The others began talking villas.... One at Dar-dennes.... Too inland. No view of the Mediterranean. The Villa Pavia... Mon Répos at La Vallette.... Not the one at Bon Rencontre of course.
She said:
‘My aunt has the Villa Nike at disposal....’
Niki meant Victory! He wanted the Villa Niké! He kept his eyes closed. To rest his voice.... He must have more money. She was a New Yorker. At that time he thought she must have contracted a New York demi-mondaine’s habits of expenditure.... She would make do with less. He had had a Scotch porridge mug as a child. It was yellow. But with brown, as if burnt in lettering it said, ‘Contented wi’ little but canny wi’ mair!’... He must get her a good time. Damn it, she deserved it. Father and mother had brought the mug home from a honeymoon voyage. They had been in Luxemburg and the Rhineland and had returned over Scotland.... She deserved... she deserved Le Secret....
It was odd. How often hadn’t he seen Le Secret off St. Mandrier. With her high spars and tall black hull?... Her screw was so powerful that when you saw her from a height beating into the port extérieur against a strong mistral - with only the mizen set - you saw behind her a great trail of blue-green whitish water. A hundred and fifty yards long. But it had never occurred to him that one day he might come to think of that marvel as a wedding present for a New Yorker!
M. Lamoricière said:
‘It is too ramshackle. It is almost a ruin....’

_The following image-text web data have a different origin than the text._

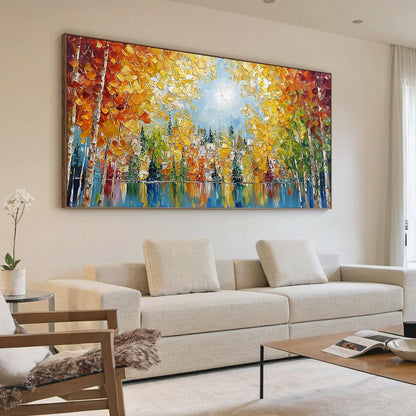 Emberglow Forest hand-painted gold and orange textured forest landscape painting shown with wood frame
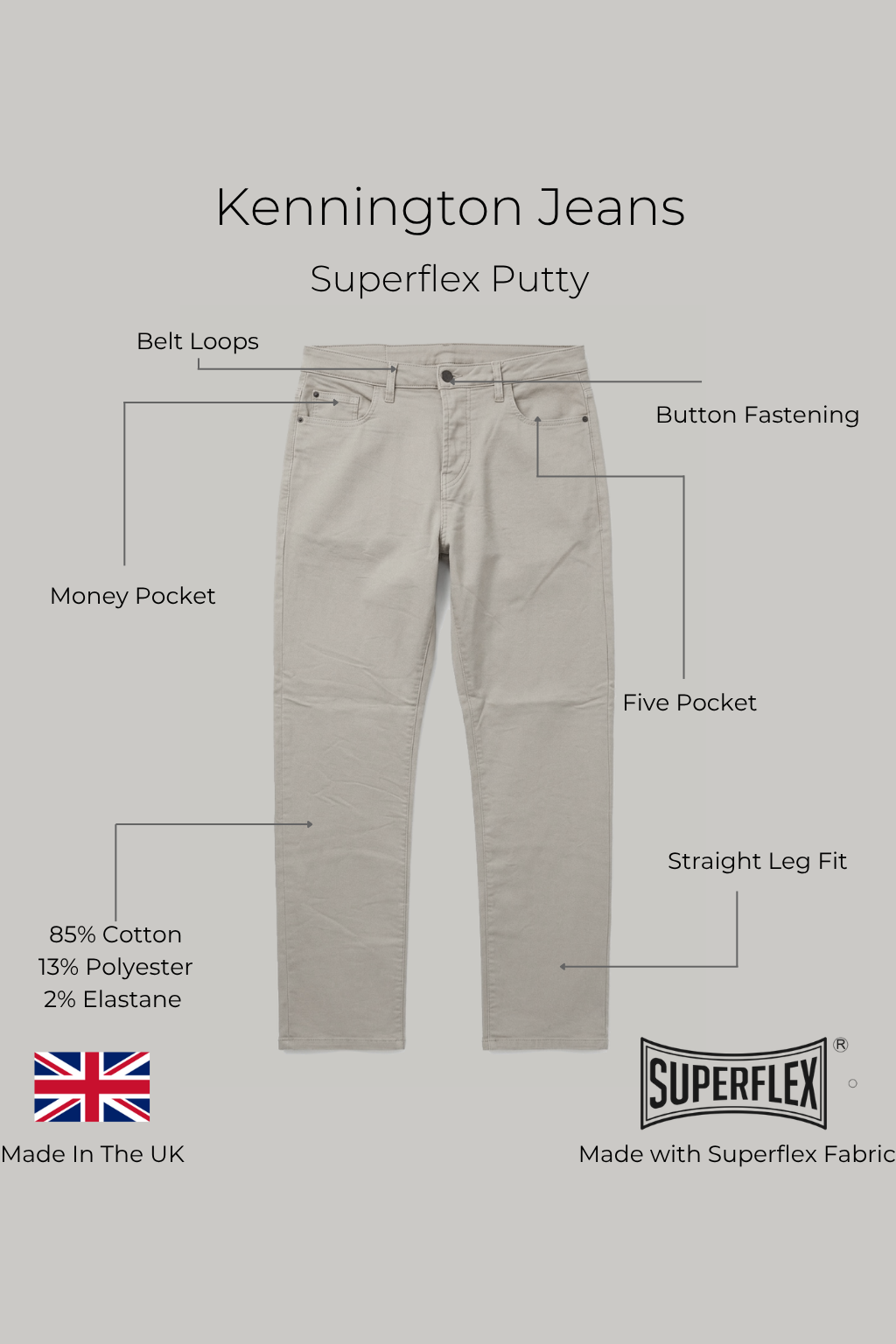 Kennington Jean - Superflex Putty - Wear London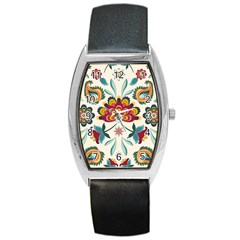 Baatik Print  Barrel Style Metal Watch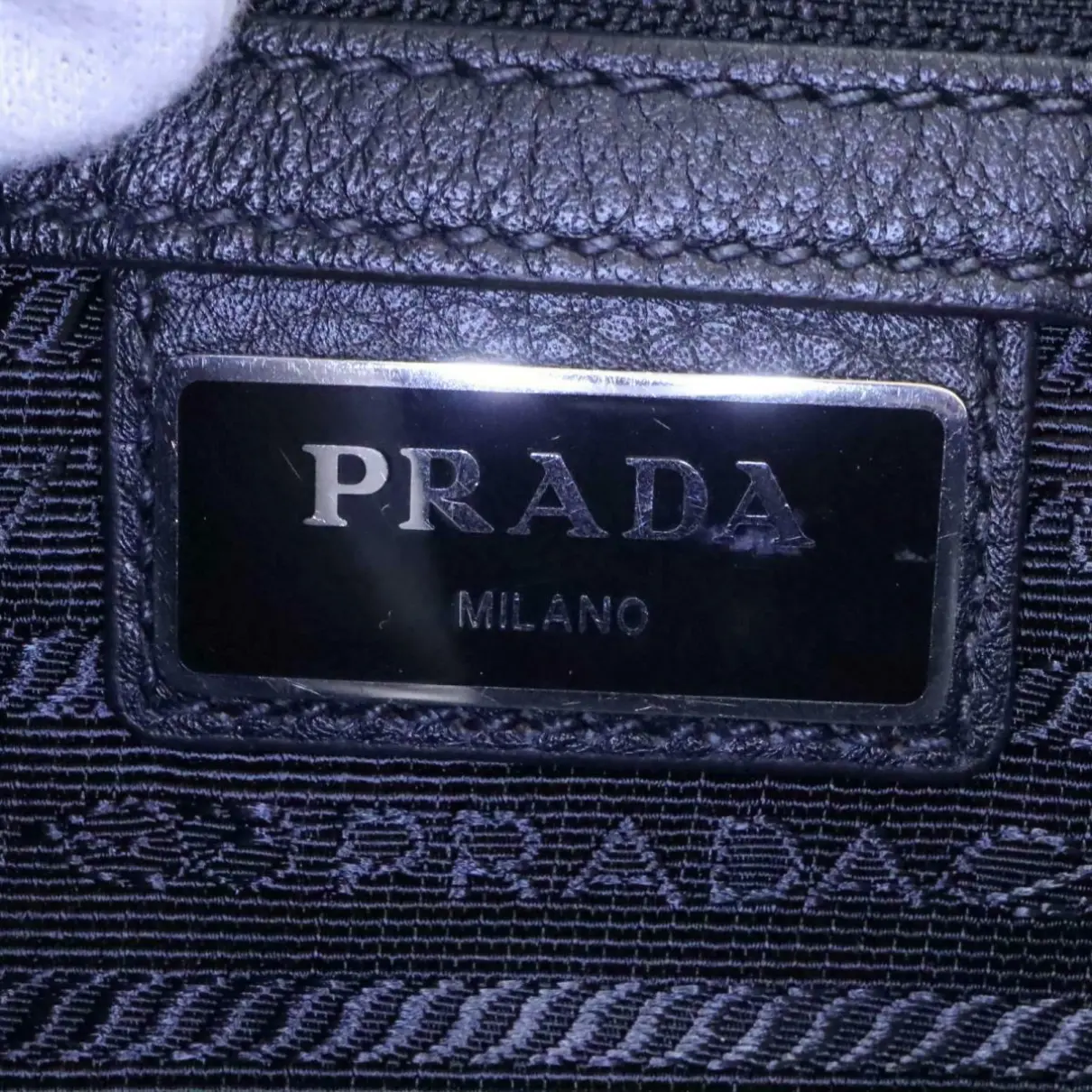 Leather clutch bag Prada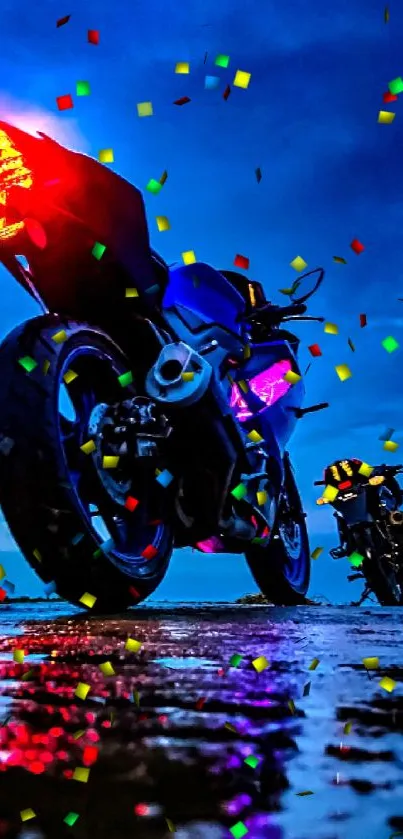 Motorcycle with vibrant lights at night, reflecting on wet road.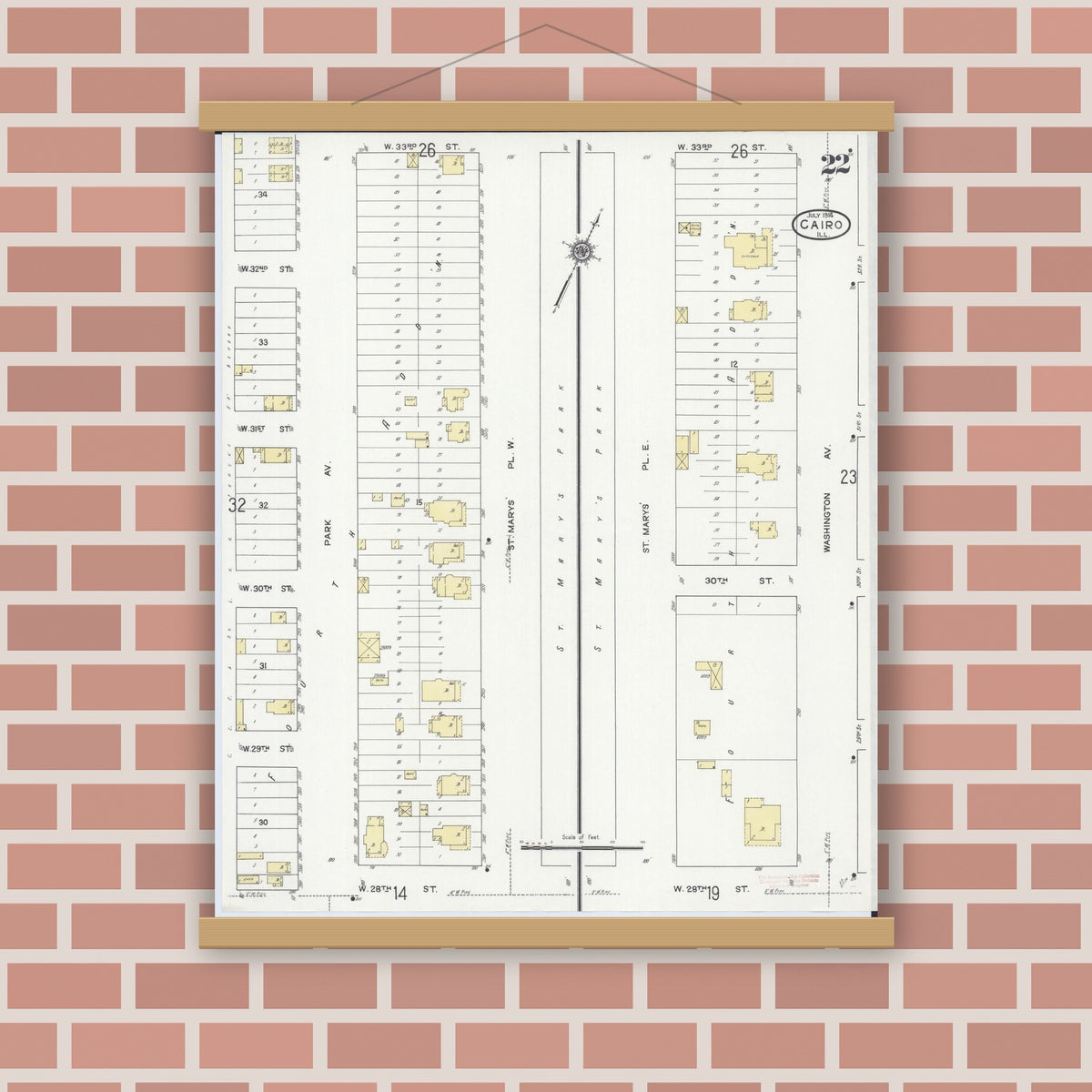 Old map wall art mockup — magnetic wood frame on brick wall — Sanborn Fire Insurance Map from Cairo, Alexander County, Illinois (1914), Sheet #0022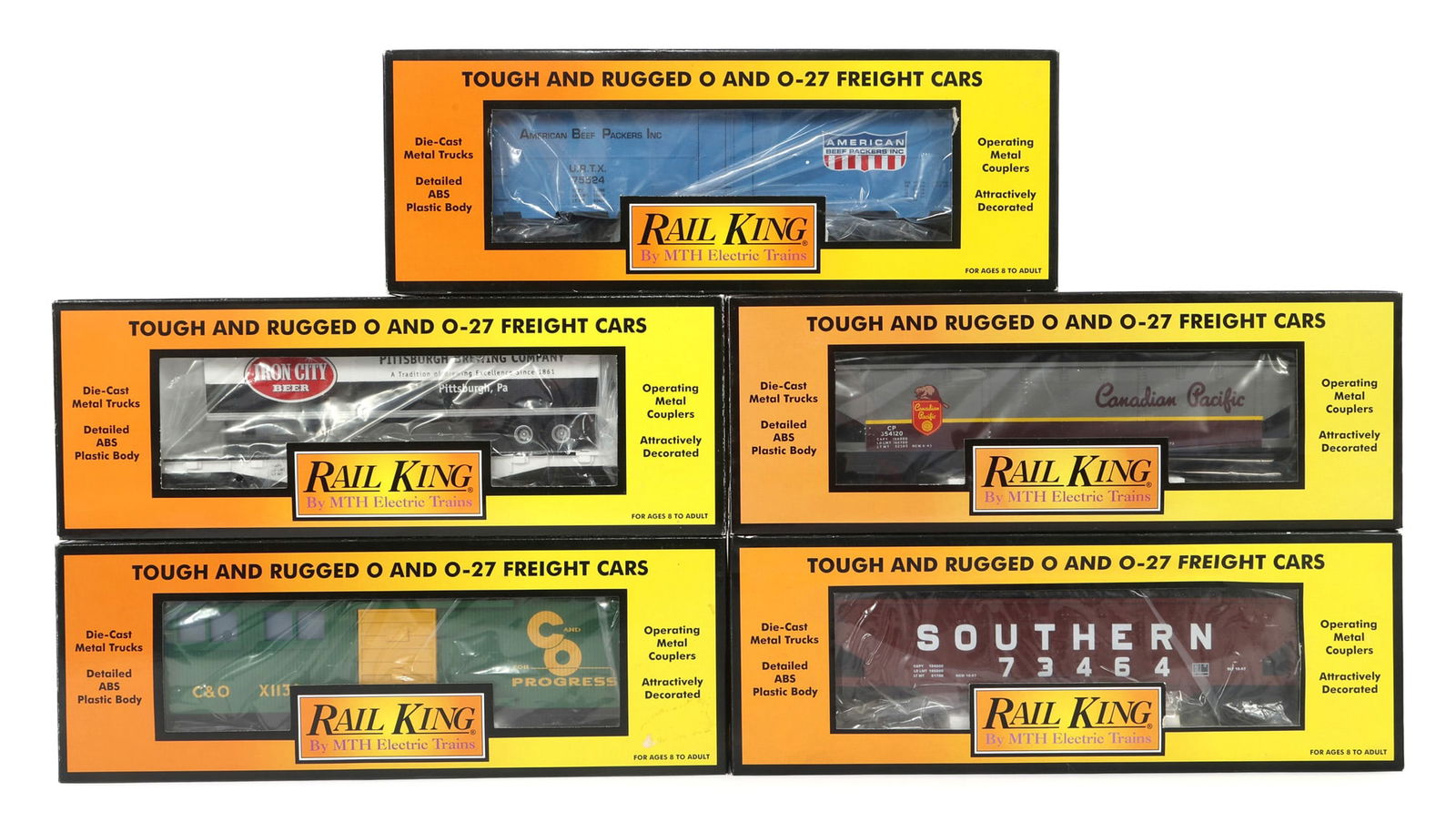 MTH RAIL KING O-27 GAUGE TRAIN CARS - LOT OF 5 (1 of 2)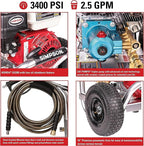 Simpson Cleaning 3400 PSI Gas Pressure Washer, 2.5 GPM Power Washer for Commercial Use, Honda GX200 Engine, 25-Foot Hose, Aluminum Series, 49-State (ALH3228-S)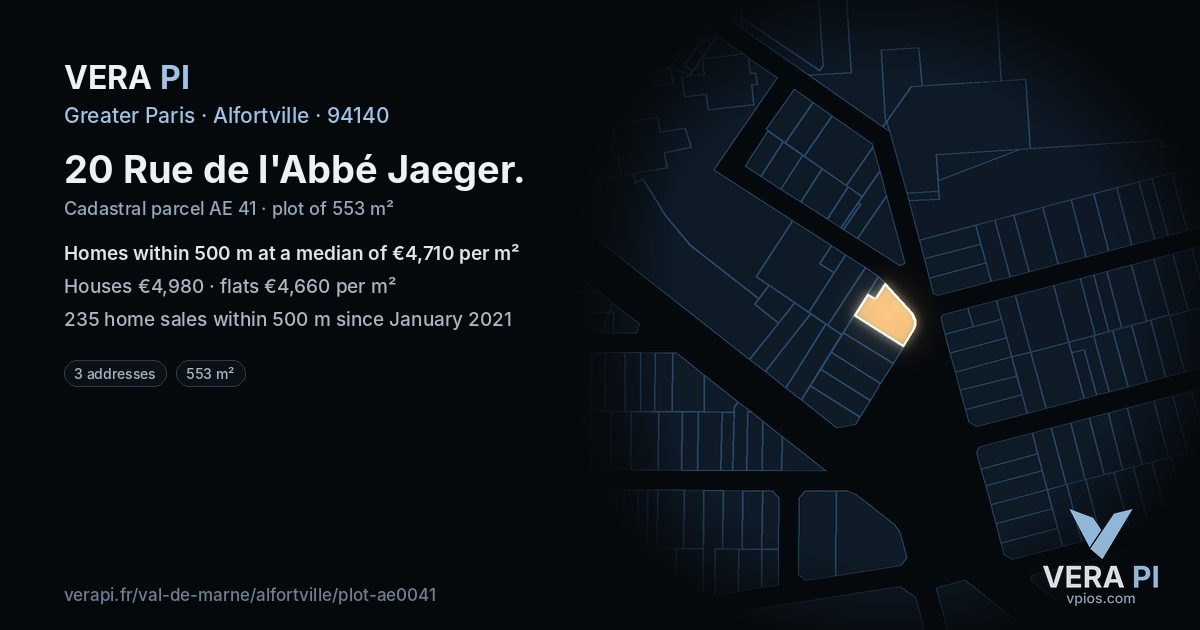20 Rue de l'Abbé Jaeger, Alfortville at night – the plot lit, the parcels around coloured by the prices near them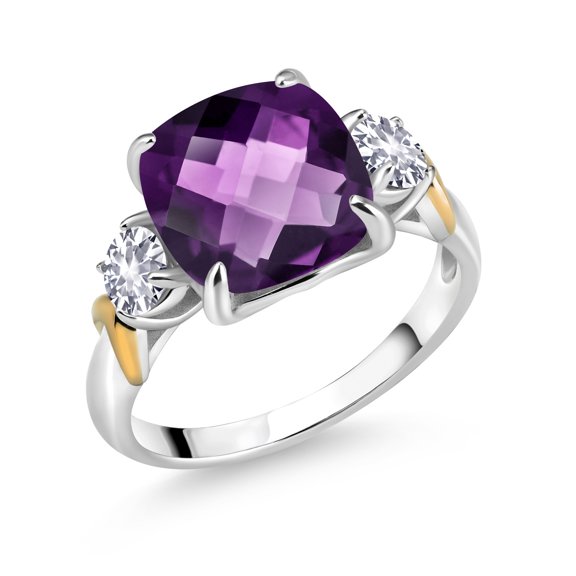 Gem Stone King 3.50 Cttw Purple Amethyst and White Created Sapphire 3 Stone Ring for Women | 925 Silver and 10K Yellow Gold | Gemstone Birthstone | Cushion Checkerboard 10MM | Round 4MM | Size 7
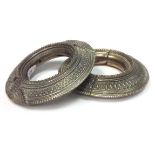 PAIR OF TIBETAN SILVERISED METAL ANKLETS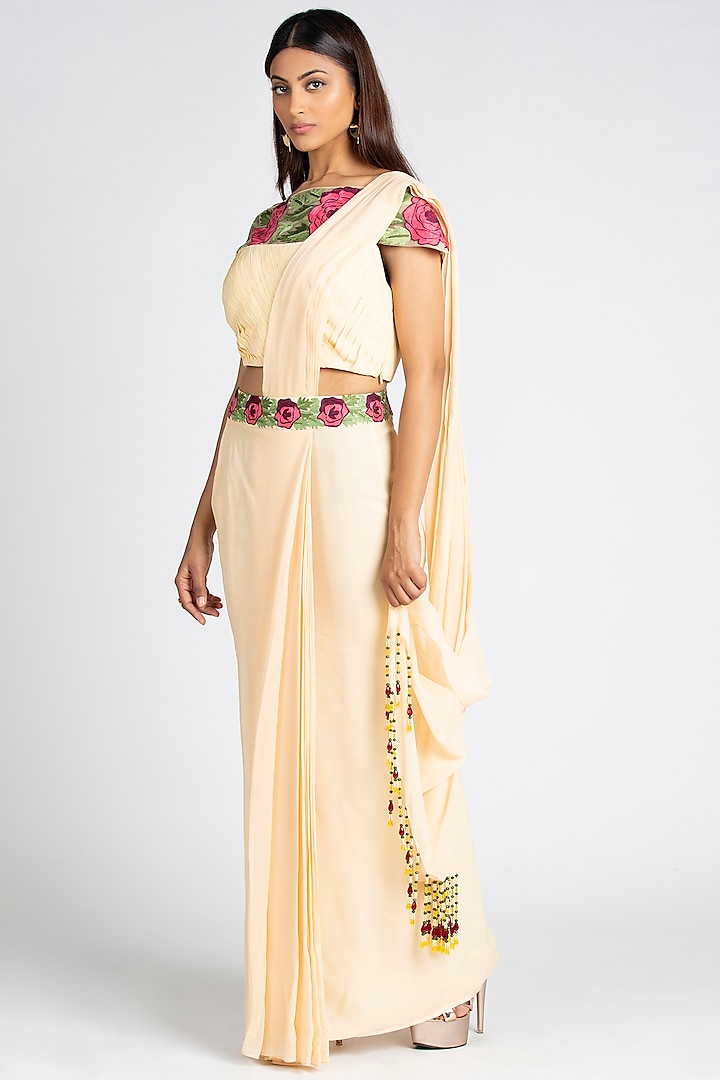 Cream Floral Embroidered Pre-Stitched Saree by Luxuries of Kashmir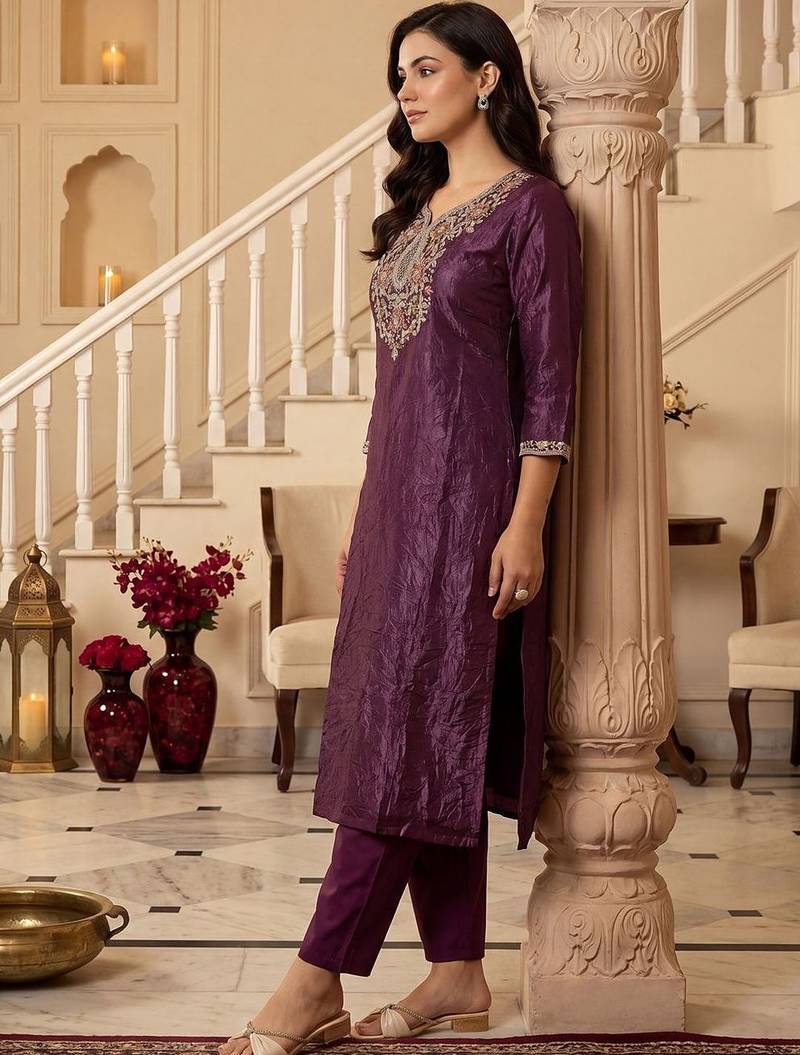 Women Ethnic Motifs Regular Thread Work Kurta with Trousers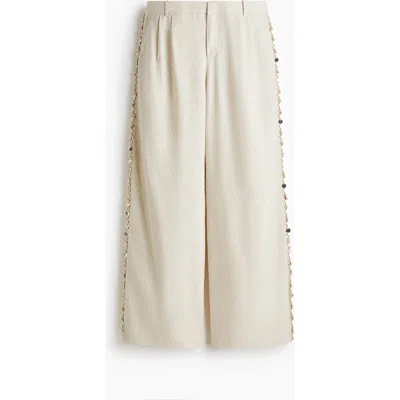 H&m Embellished Linen-blend Trousers In Neutral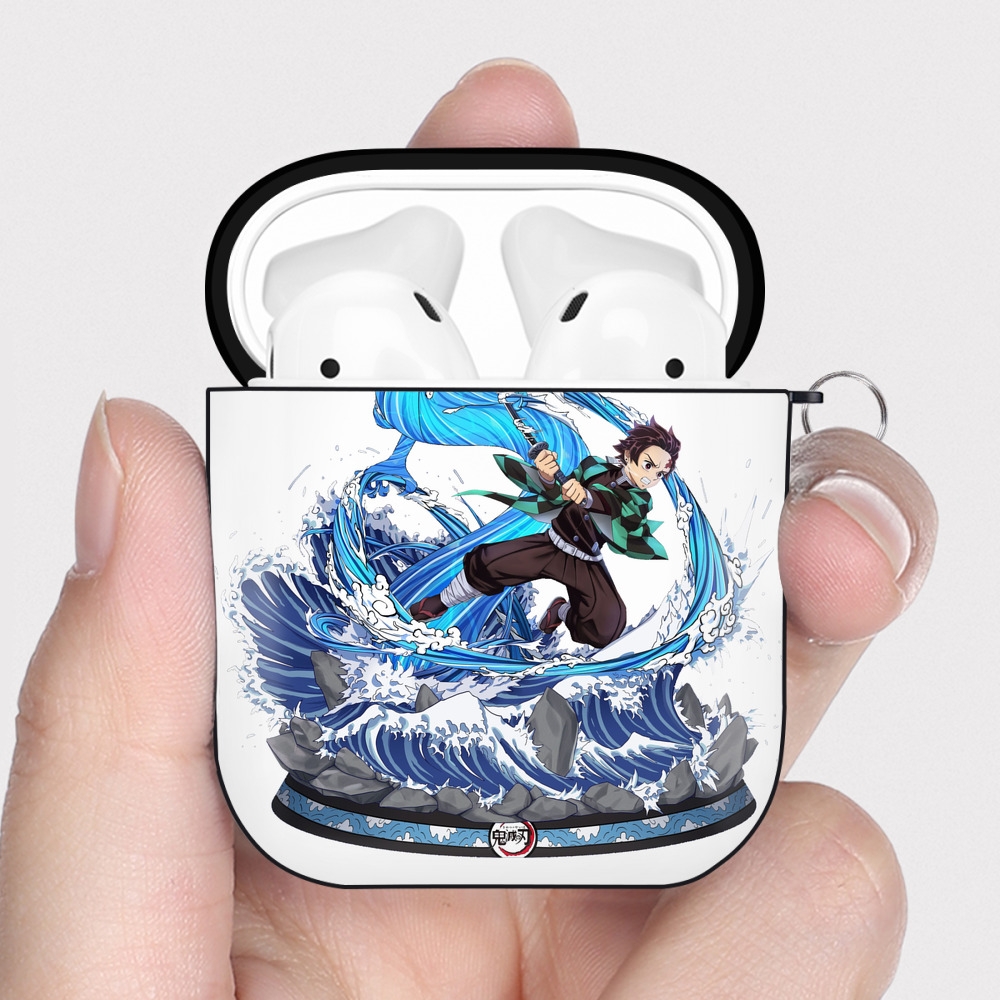 （画像用） 鬼滅の刃 竈門 炭治郎／かまど たんじろう Kamado Tanjirou AirPods 第2世代保護ケース ハードシェル ブラック 耐衝撃・防指紋・カラビナ付き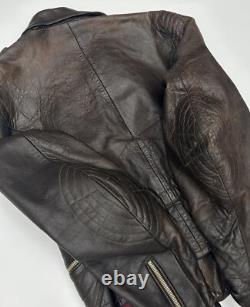 Veste de moto en cuir allemande originale des années 30-40 de la WWII marron DRP Zipp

Henry Martin found that the thought of the twenty silver-white notes was burning into his being. From behind his right shoulder! He must have left the painted grip open last night.
Eudoxie said:
‘We will make the old she-devil diminish the rent by half. With the other half we can arrange it tastefully. Besides, that will much lessen the taxes....’
Henry Martin found he was trembling. He clenched his teeth. They had been knocking together and had hurt his jaw. It was perhaps in that way that thieves felt at the thought of easy hauls of great booty. He had once been on a jury in Springfield. A burglar who was being tried for burgling Mrs. Von Augsburg’s had explained. He had successfully made off with half the diamonds of Mrs. Carl Busch next door and had been having a good time at Miami. But in coming away from Mrs. Carl Busch’s he had noticed that Mrs. Von Augsburg’s would be extraordinarily easy to break into. The thought had so distracted him that he had lost all taste for Miami and eventually he had come back. So the cops had got him.
M. Lamoricière said:
‘If you have sufficient influence with Madame your Aunt the Villa Niké would be admirable.’